Collection entries:

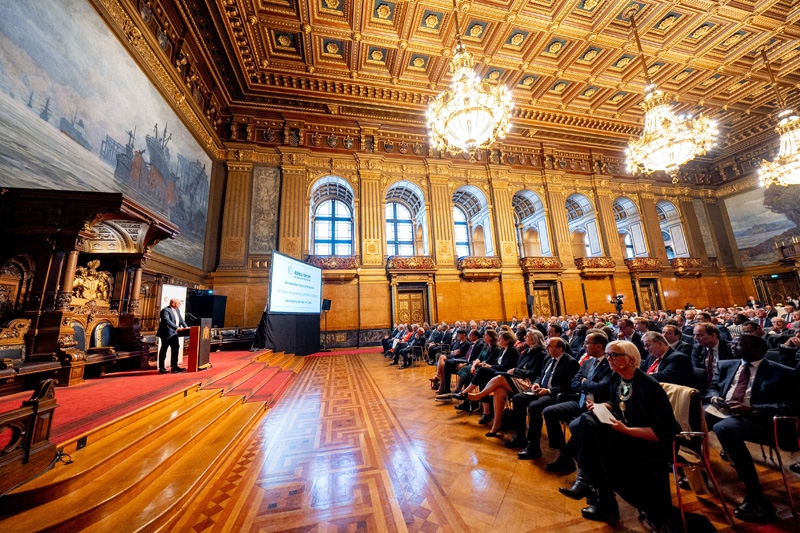 Zahlreiche Teilnehmende verfolgen eine Rede in einem prunkvollen, goldverzierten Saal mit großen Kronleuchtern.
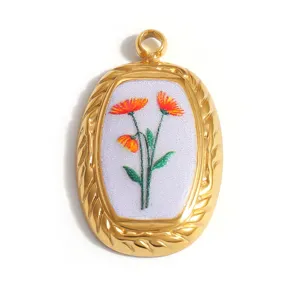 Macro view of gold stainless steel oval pendant with painted orange floral design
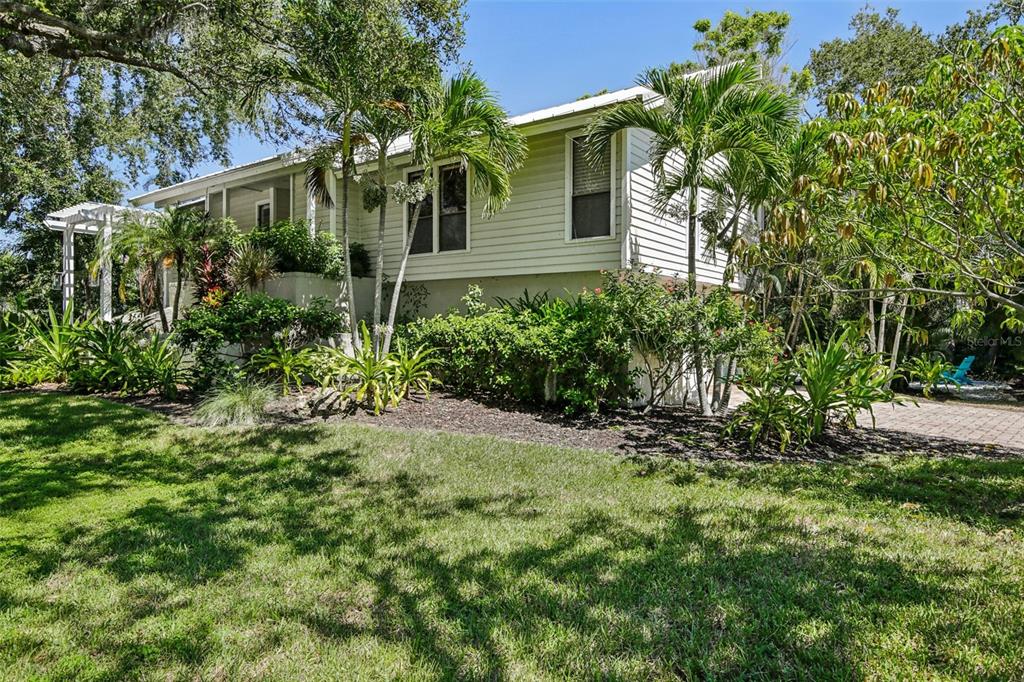 3390 Bayou Sound Longboat Key, FL 34228 - Photo 1 of 59 a view of a house with a yard and plants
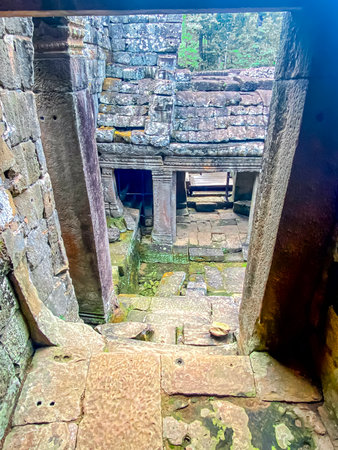The three-level Mount Bayon Temple, a temple of the Khmer civilization, located on the territory of Angkor in Cambodia.の写真素材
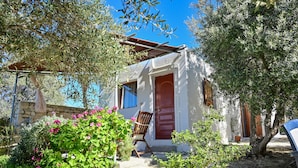 A small white building with a red door and windows, surrounded by greenery and a chair outside. - The Papas House on the Hill (Kamilari)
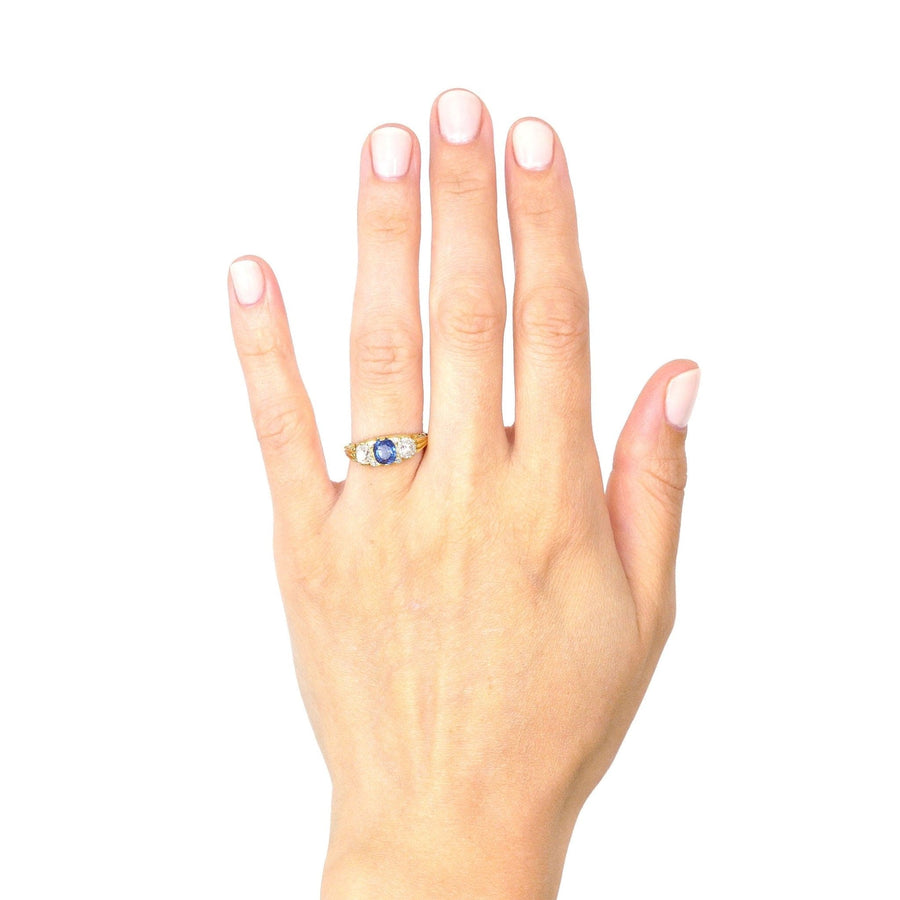 Victorian-style 18ct gold three stone sapphire and diamond ring displayed on a hand, showcasing its elegant design.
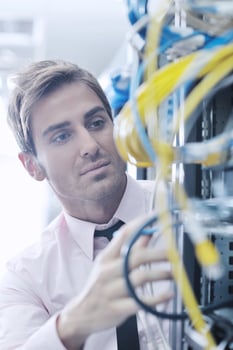young it engeneer in datacenter server room photo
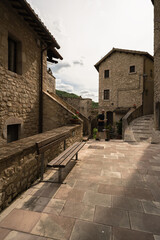 a young man walking into the little street of Vallo di nera, Umbria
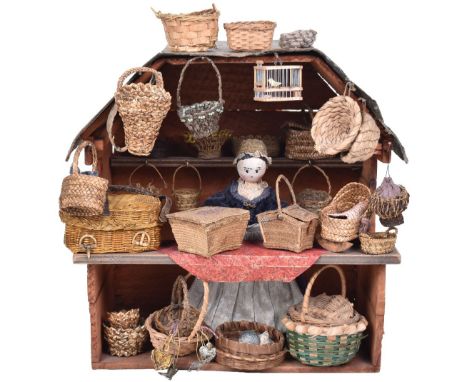 A sweet and early miniature wooden painted Basket stall, German 1840s, the papered exterior with ornate hand painted flower a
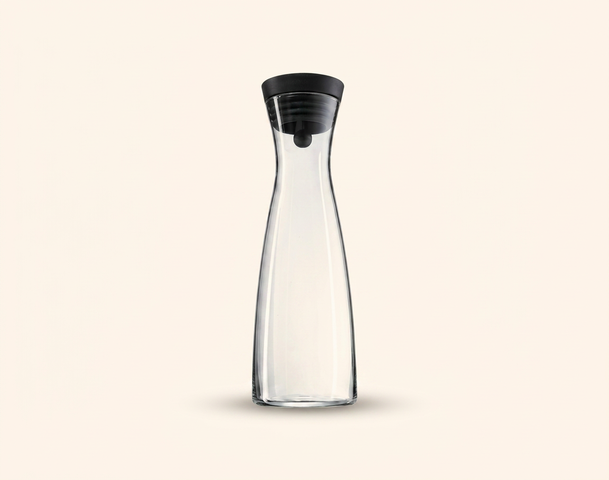 Eine klare Glas-Wasserkanne mit einem schwarzen Deckel steht auf einem hellen Hintergrund. Die Kanne hat eine elegante, schlanke Form und ist nach oben hin leicht verjüngt.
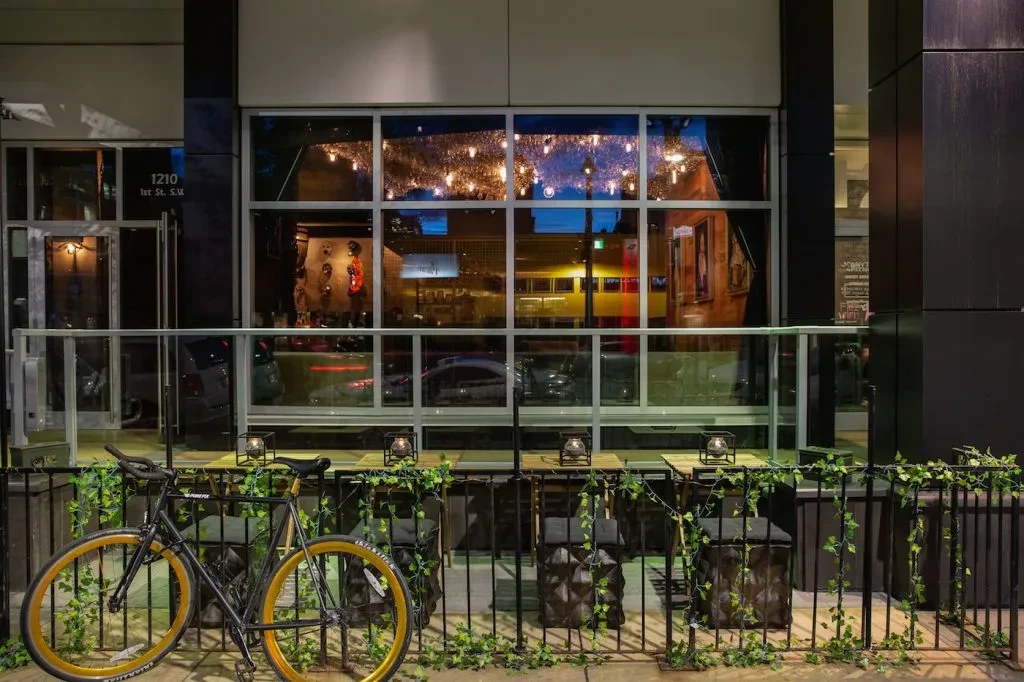 Restaurant exterior at dusk with a lit patio and bicycle.
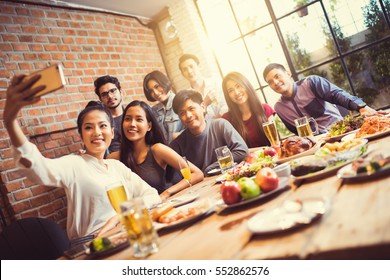 A group of friends are taking selfie friend told others He's coming to the party tonight.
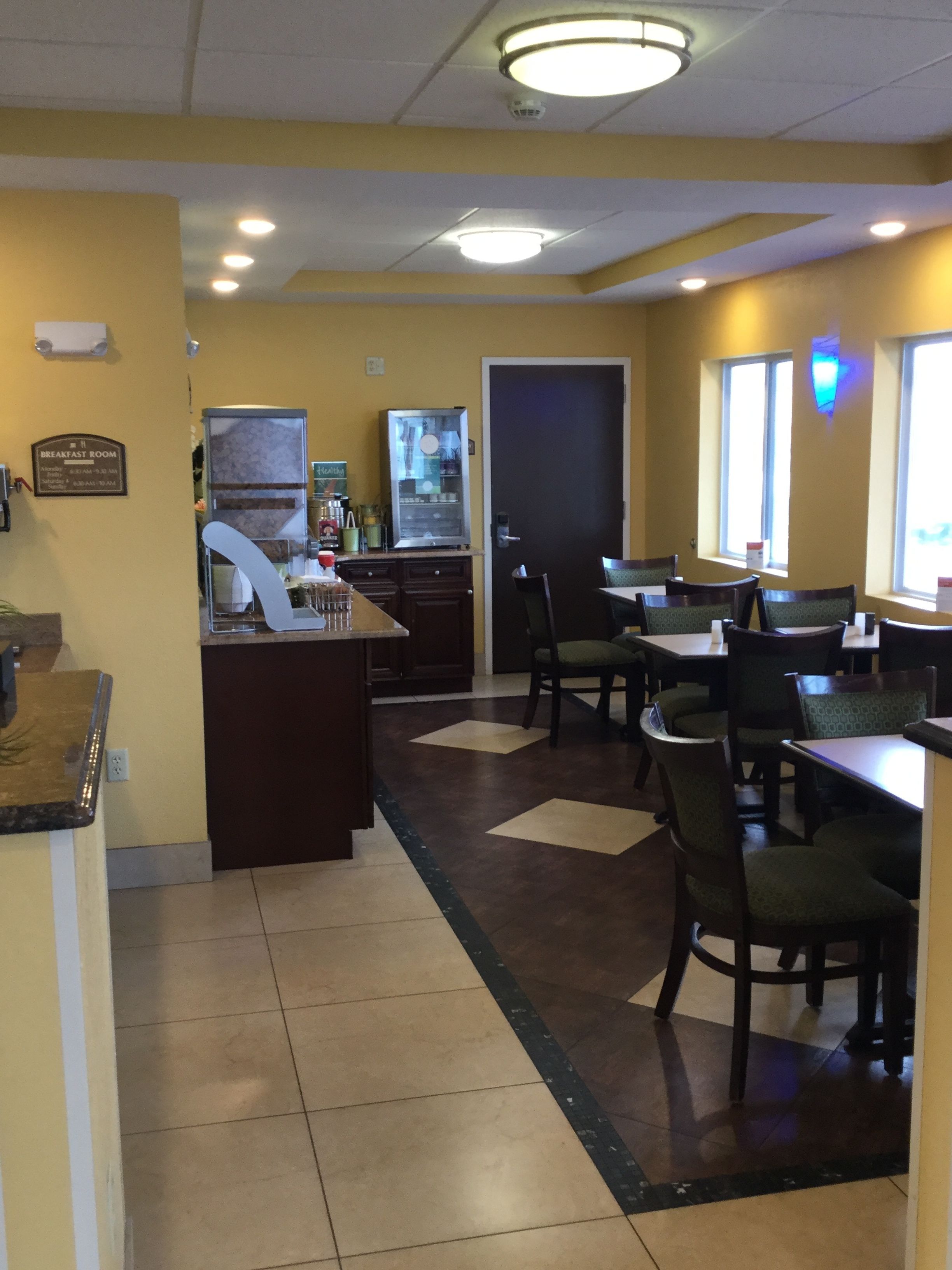 A breakfast room with a counter, chairs, and tables.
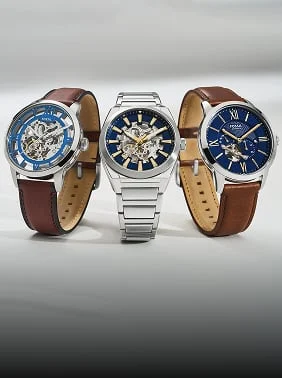 Three Automatic Watches with blue dials on a silvery background.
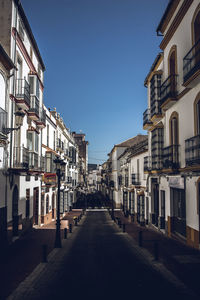 Narrow street amidst buildings in town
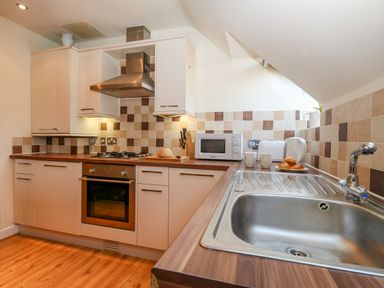 A kitchen with white cabinets a stove a microwave a toaster a kettle and a sink at Harbour Reach 6 in Weymouth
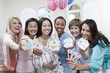 Pregnant Asian Woman with friends at a Baby Shower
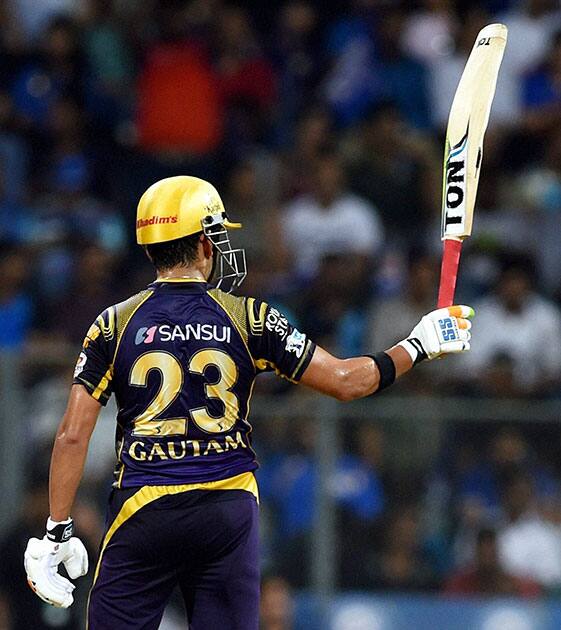 Kolkata Knight riders batsman Gautam Gambhir celebrates his half century during a IPL match played against Mumbai Indians in Mumbai.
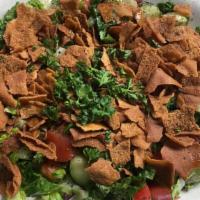 Fatoush Salad · A unique salad made with lettuce, tomatoes, cucumbers, onions, parsley, and fried pita bread...
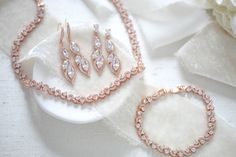 "Our rose gold wedding necklace set is perfect for the bride or as a gift for the bridesmaids. Dainty but so full of sparkle ! - Crafted with Swarovski Pure Brilliance components. - All clear stones - Rhodium, yellow gold or rose gold finish - Earrings with hook measure 2\" - Earrings with post measure 1.5\" - Necklace measures 16.5 inches ( happy to customize the length if needed) - Bracelets measures 6.5 inches ( happy to customize the length if needed) - Nickel free and hypoallergenic - PLEAS Needed Bracelets, Flower Girl Jewelry Set, Fall Wedding Jewelry, Blue Bridal Earrings, Gold Necklace Wedding, Rose Gold Wedding Jewelry, Wedding Necklace Set, Gold Earrings Wedding, Wedding Jewelry Set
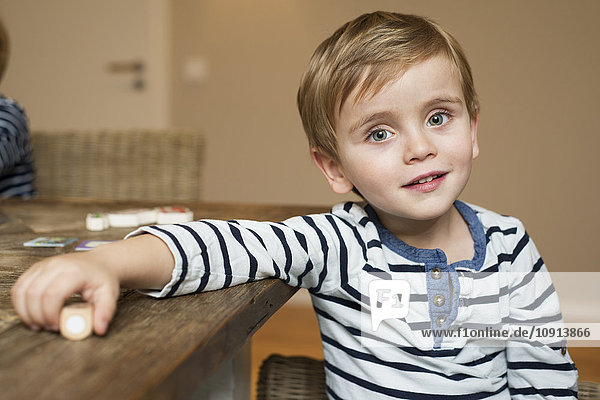 Liitle boy sitting at table  portrait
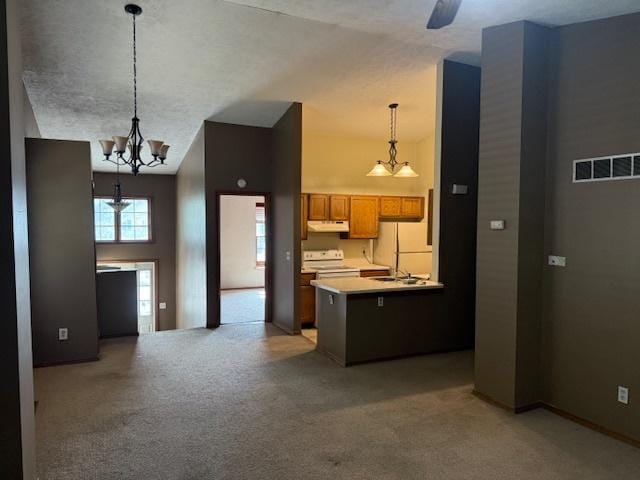 kitchen with visible vents, a peninsula, freestanding refrigerator, stove, and under cabinet range hood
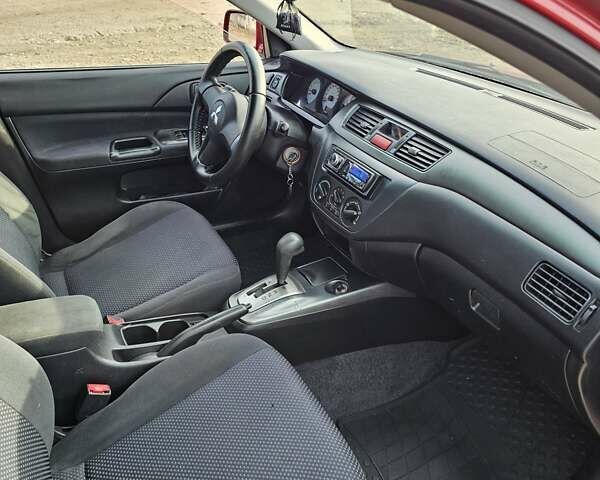 Червоний Міцубісі Lancer, об'ємом двигуна 1.6 л та пробігом 220 тис. км за 5800 $, фото 11 на Automoto.ua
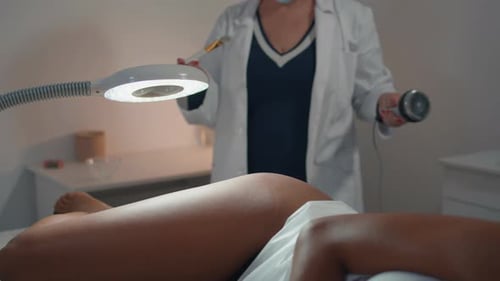 Closeup Cosmetician Applying Gel Before Anti Cellulite Procedure in Spa Salon
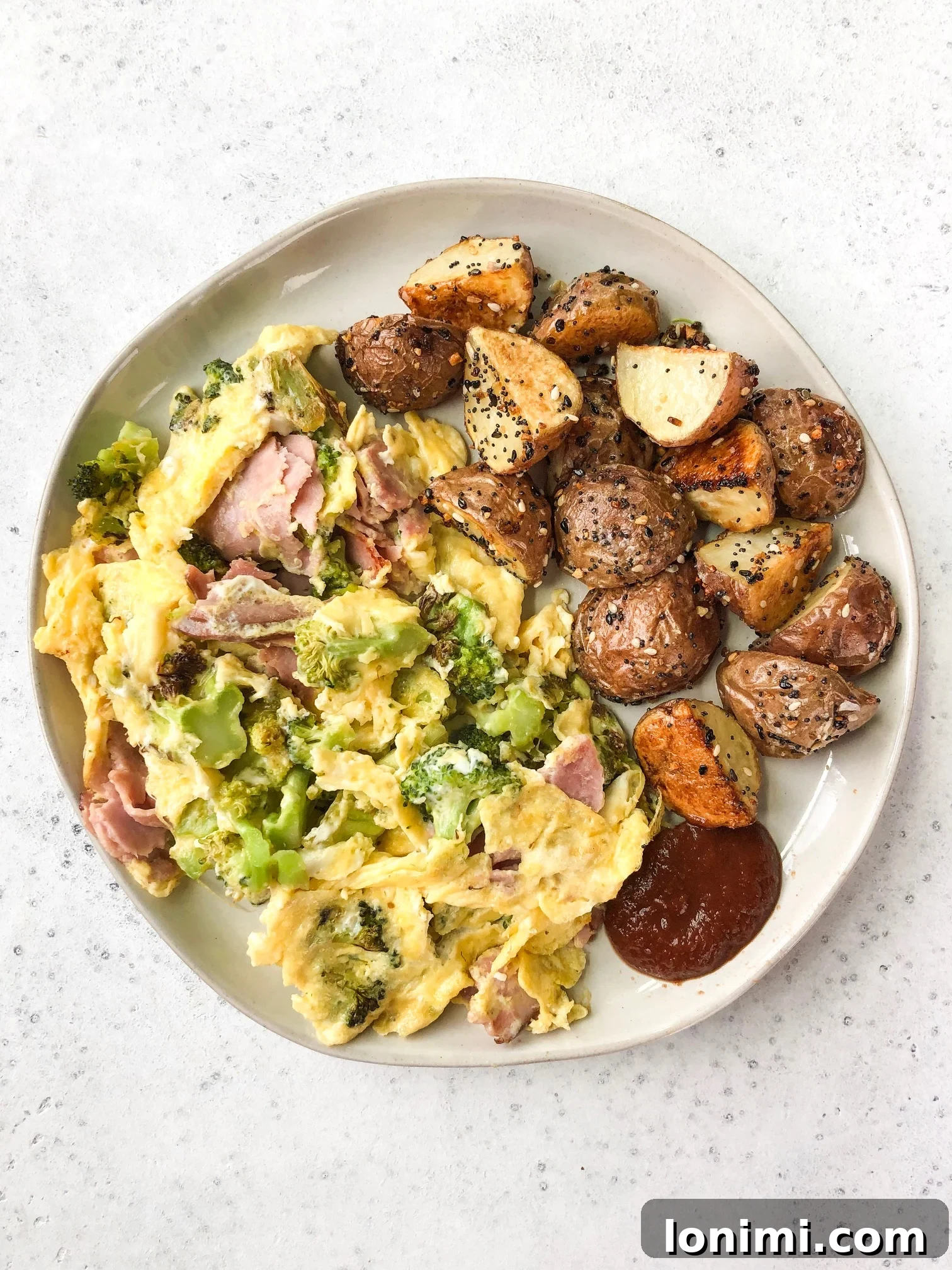 Roasted Potato Perfection 4 Diced baby red potatoes tossed with oil and seasoning in a bowl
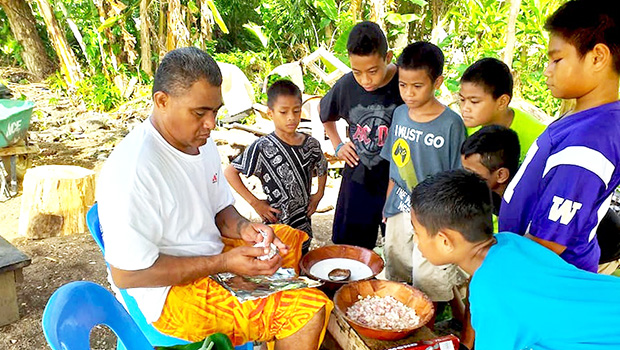 Youngsters watch as palusami is prepared for the umu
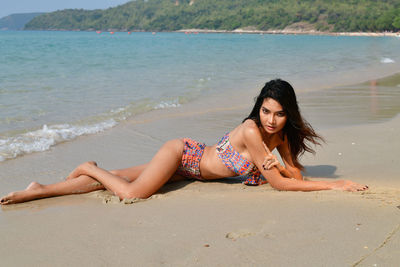 Portrait of young woman wearing bikini lying on beach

■ **Prompt**:
Return exactly the lines that appear in the data above between the line containing "Eine klare Glas-Wasserkanne" and the line containing "A group of friends", both of which are included, and leave the pictures out.

■ **Task solution**:
 Eine klare Glas-Wasserkanne mit einem schwarzen Deckel steht auf einem hellen Hintergrund. Die Kanne hat eine elegante, schlanke Form und ist nach oben hin leicht verjüngt.
 Restaurant exterior at dusk with a lit patio and bicycle.
 A group of friends are taking selfie friend told others He's coming to the party tonight.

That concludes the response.